Our coin is back on its journey through the Roman Empire, having changed hands by sheer accident. In the baths of Vindolanda, as the decurion undressed and hurriedly rolled his clothes into a bundle, his mind occupied by his desire for a nice bath, the purse hanging from his belt turned upside down and the sestertius fell out, dropping to the floor of the little niche that served as a locker in the dressing room.
Nobody noticed it for several days, until another customer of the baths, passing by with an oil lamp, noticed a little twinkle of light, reached out his hand, and grabbed it.
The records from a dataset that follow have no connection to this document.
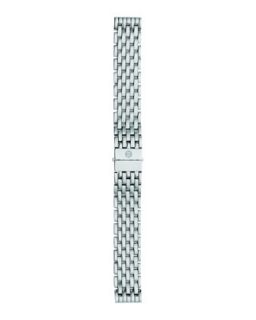18mm Deco Bracelet Strap, Steel   MICHELE   Steel (18mm )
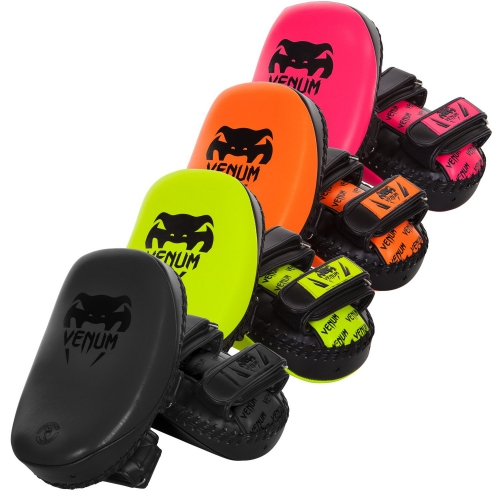 Venum Light Kick Pad Neo Orange tai pad photo
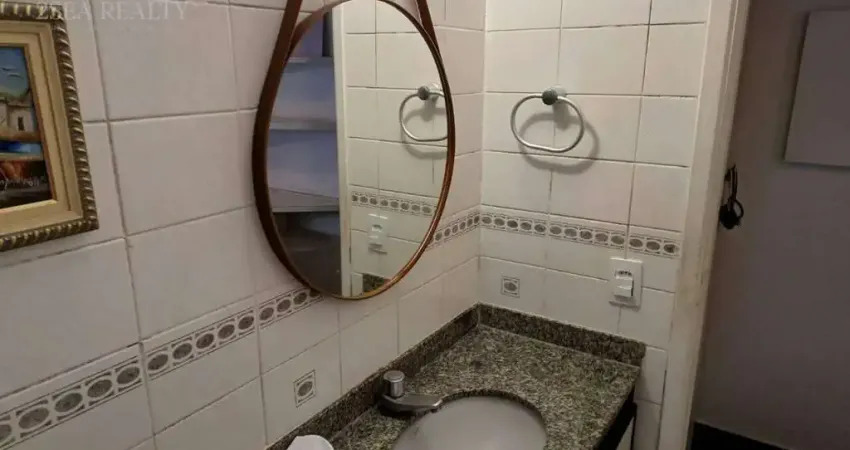Vendo apartamento 1 dorm, mobiliado, no itararé - são vicente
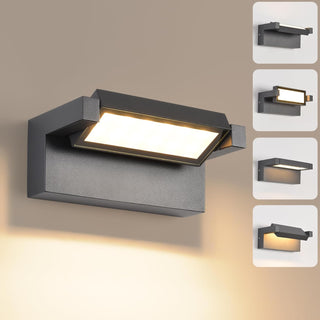 Applique da parete per esterno 21W tecnologia CCT3 inclinabile  IP65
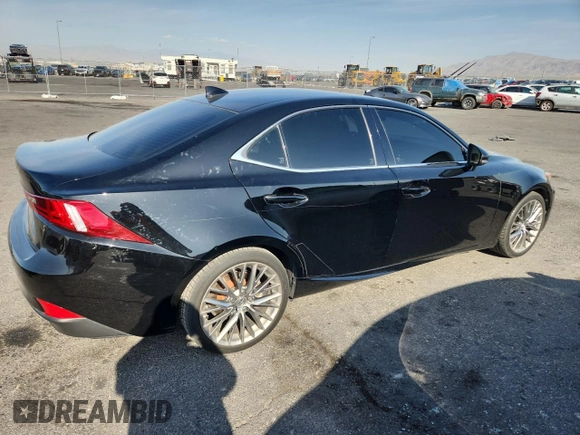 2014 Lexus IS 250 с VIN JTHBF1D27E5008484, выставлен на аукционе Copart как лот 62303615 с пробегом 139 777 миль миль и Списание • Salvage title. История ставок и продаж доступна на DreamBid. Изображение 3.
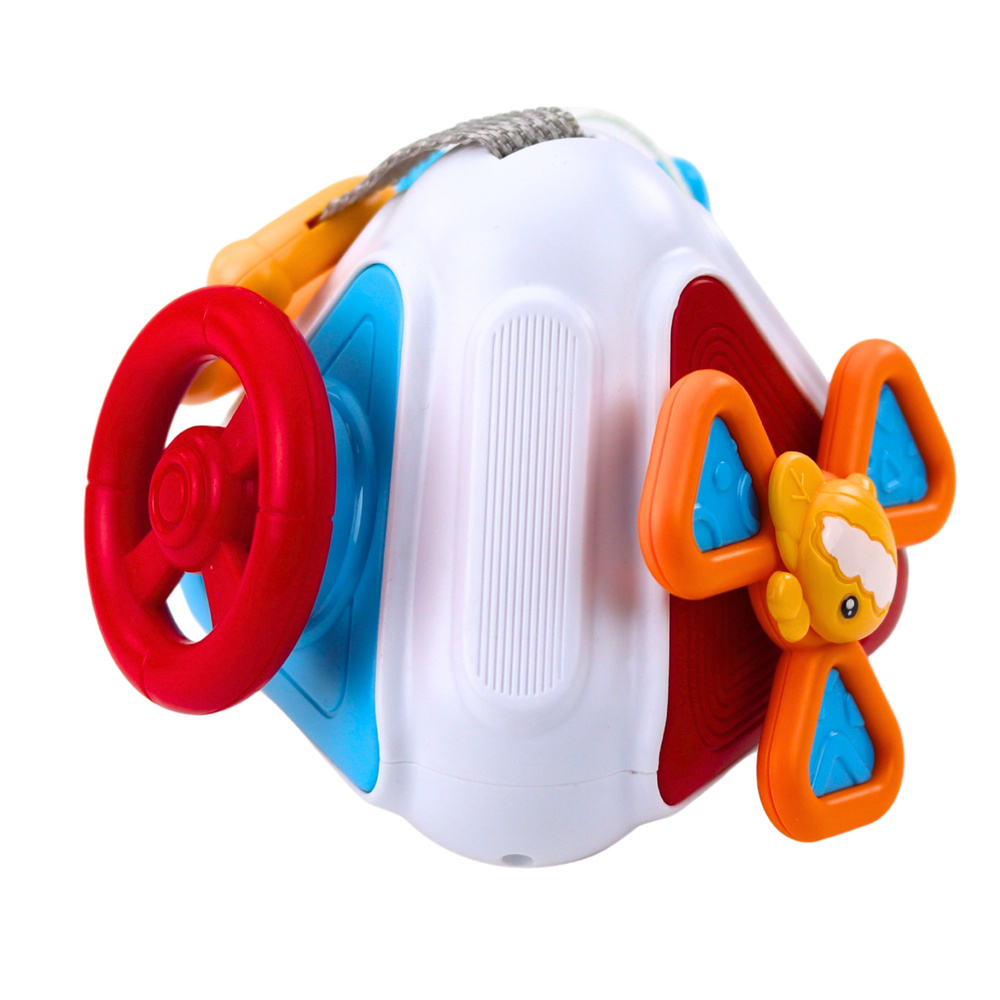 Edukacinis manipuliacinis kubas vaikams 5-in-1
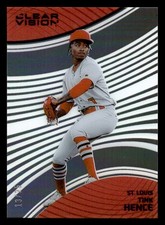 Tink Hence 2023 Panini Chronicles Clear Vision Purple RC #/25 #12 Cardinals ESE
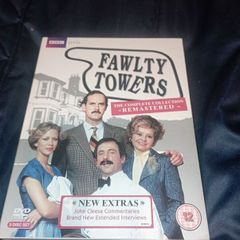 Remastered Fawlty Towers Complete Dvd Boxset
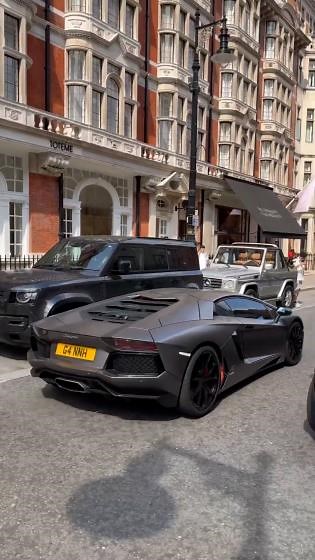 V12 Engine Sound Captured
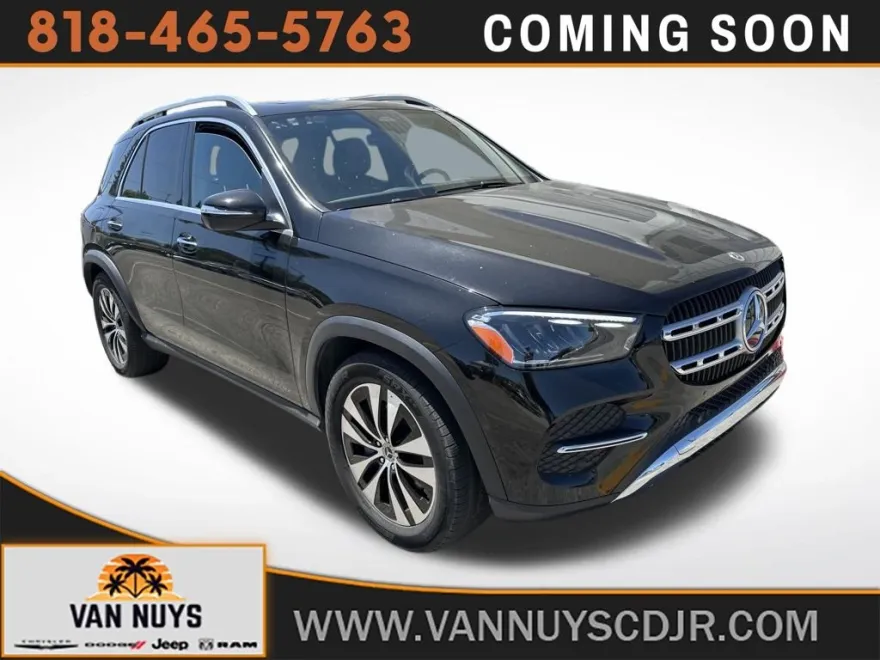 2025 Mercedes Benz GLE 450 4MATIC photo 1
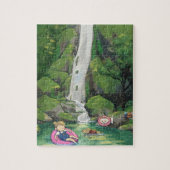 Federbad Puzzle (Vertikal)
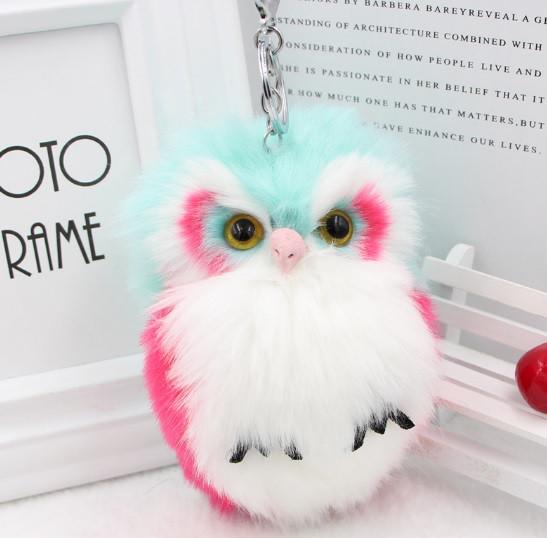 Мягкий брелок SUNROZ Animal Plush плюшевый попугай 15 см Голубой (SUN1821)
Now it’s in the purse of a wine merchant who has just delivered some amphoras of wine to the edge of the empire and is on his way back home. Britain is behind him, and the coin has returned to the continent and is traveling along a big road in the province of Lugdunensis, in the heart of what today is known as France. The merchant is on horseback together with his trusty slave. They’ve been riding along at a slow pace for hours, under the pouring rain.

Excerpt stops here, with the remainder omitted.